Avdija had 13 points Monday in a game the Wizards lost by 14. 

Still, development is what the Wizards arguably should be focused on at this point of the season. Avdija’s offensive development is important for the team — he scored a team-high 19 against Denver — as is Hachimura’s progress: The Japanese native is shooting a career-high 48.6% from 3. 

Focusing on their prospects, though, just isn’t where the Wizards seemed to be headed after making the Westbrook deal. Washington started 10-3 in large part because of the depth that trade provided. “You gotta do that trade 10 out of 10 times,” Kyle Kuzma said amid the hot start. 

Kuzma is perhaps the most promising part of the Wizards’ return for Westbrook. Even as their season has crumbled, Kuzma has averaged 17.1 points per game and appears to be a reliable playmaker. 

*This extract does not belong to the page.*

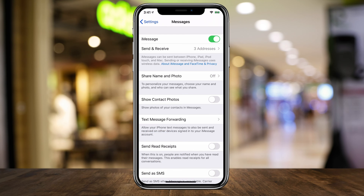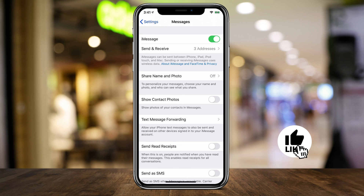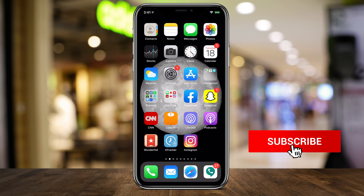Right now I have it turned off. If it's on green, it means it's turned on and it's going to say read when you read other people's messages. I have mine turned off, so the slider is in the gray position and people will not be notified when I read their messages — it's just going to say delivered instead of read.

It should be noted, too, that the Wizards used part of their Westbrook haul to land Kristaps Porzingis at the trade deadline. Porzingis, whose versatility on offense landed him the nickname “The Unicorn.” was once seen as a future star. And though he’s coming off an uneven stint with the Mavericks, his upside could be beneficial to Washington in the long run. 

For the Lakers, Westbrook has been an awkward fit all season long. The preseason concerns that Westbrook’s ball-dominant style wouldn’t mesh with LeBron James turned out to be true. Westbrook’s play has appeared to take a significant step back from when he posted a triple-double almost nightly with Washington.

Just last week, the Wizards and the Lakers faced off, so this won’t be the first time that Westbrook will go against his former team. In that outing in Los Angeles, Westbrook scored only five points and tallied nine assists.

This time around, Westbrook will likely face something else when he gets back to the District, something he’s rarely seen all season: A warm reception.